Parker trascorre una bella serata con la sua famiglia, gustando a tavola i magnifici piatti preparati dalla madre, intervallati da amene conversazioni. Alla fine decidono di non fare troppo tardi, e così si ritirano nelle rispettive stanze. Una magnifica dormita è quello che ci vuole per recuperare le energie psicofisiche. La mattina seguente il detective si approccia al nuovo giorno con un’aria rilassata, serena.

«Hai dormito bene» osserva compiaciuta la signora Parker, seduta al tavolo della cucina intenta a fare colazione insieme al figlio e alla nipote.

«Sì, stupendamente!» risponde il detective. «Voi?»

«Non posso lamentarmi.»

«Nemmeno io» dice Kate.

«Ottimo! È il modo migliore per iniziare la giornata» Afferma l’uomo, quando suonano alla porta.

«Deve essere Norah, l’ho invitata a fare colazione con noi» dice la signora Parker, alzandosi dalla sedia per andare ad aprire la porta.

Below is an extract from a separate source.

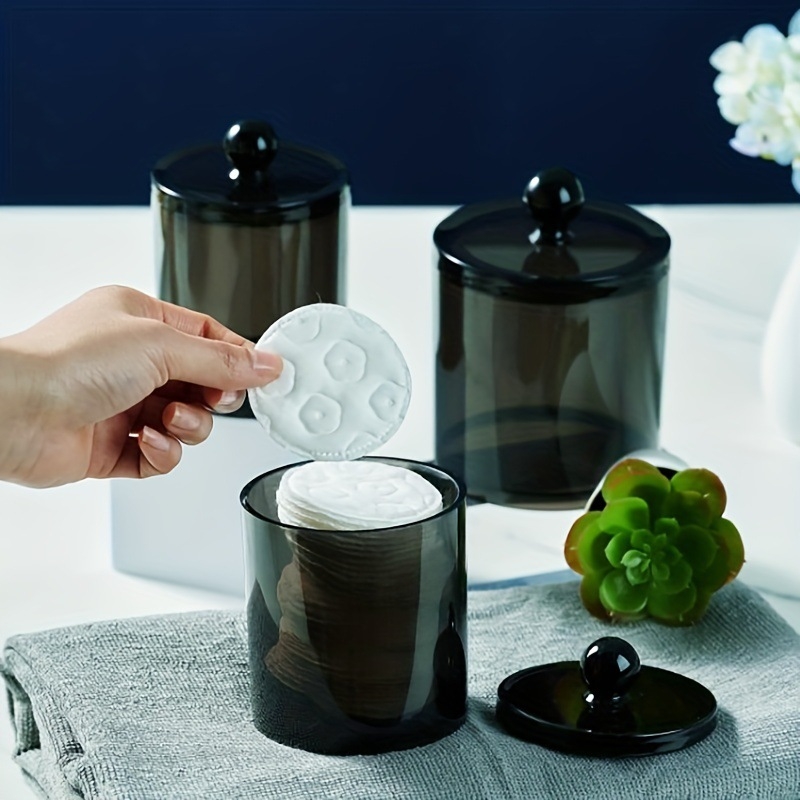 3 vnt. vatos tamponėlių dozatoriaus vaistų indelio plastikinė laikymo dėžutė vonios kambario indelio kostiumo organizatorius juodas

«Buongiorno!» dice l’amica, entrando in cucina.

«Ciao!» risponde Kate.

«Buongiorno a te!» le porge il saluto Parker.

«Scusate per il ritardo … »

«Non pensarci, siediti» la tranquillizza la padrona di casa.

«Mi ha chiamato un mio collega alle sette di mattina, tenendomi quasi un’ora al telefono, una cosa da non crederci» dice Norah.

«Nessuna cosa importante da dirti?» domanda la signora Parker.

«Assolutamente no!»

«Cos’è un abitudinario?»

«Non era mai successo finora, non vorrei che si ripetesse.»

«Forse … si tratta di un tuo corteggiatore» Interviene, col solito sorriso birichino, Kate, incrociando lo sguardo del padre.

«Spero che ti sbagli» risponde Norah. «In questo caso sarei costretta ad anticipare le mie dimissioni. Che poi, pensandoci bene, non sarebbe un grosso guaio.»

«Lo capirai presto quali sono le sue vere intenzioni» dice il detective. «Se vuoi, potrei darti una mano.»

«Nel caso, malauguratamente, fossero rivolte alla mia persona? E in che modo? Dissuaderlo?»

«Perché no! Con le buone maniere, s’intende.»

«Me la caverò da sola» replica con una dolce espressione la donna.

***

Finita la colazione, Parker e Norah lasciano la casa per raggiungere le rispettive mete. Si soffermano a parlare accanto alla macchina della donna.

«Da voi è come ritrovarmi in una seconda famiglia … » dice Norah.

«Mi fa piacere» osserva il detective. «Spero che non sia troppo invadente.»

«Assolutamente no! Forse lo sono io … » risponde la donna.

«Ammesso che fosse così … mi piace. Al lavoro?»

«Sì.»

«Il tuo collega, o probabile corteggiatore, ti starà aspettando.»

«Lo sai che non ci stavo pensando … non in questo momento; vai anche tu in ufficio?»

«Sì, passerò un attimo in ufficio, berrò l’ottimo caffè di Jennie e dopo scenderò sul campo di battaglia.»

«Allora, buona giornata. Ci vediamo.»

«Buona giornata anche a te. A presto.»

Norah sale in macchina e si allontana, mentre Parker raggiunge la sua berlina, quando, ad un tratto, scorge appena distante, ferma, l’autovettura nera con i vetri fumé.

«Cristo!» esclama il detective. «Chiunque tu sia la tua presenza inizia a darmi sui nervi. Mi conosci molto bene, sai le mie abitudini, gli spostamenti, non sono un mistero per te, non è così? Be’, goditi il gioco finché ti sarà possibile, perché prima o poi la tua faccia me la ritroverò ad un passo, e allora, lascio a te immaginare l’epilogo.»

Parker sale sulla vettura, e contemporaneamente la macchina misteriosa si mette in movimento, andandosene.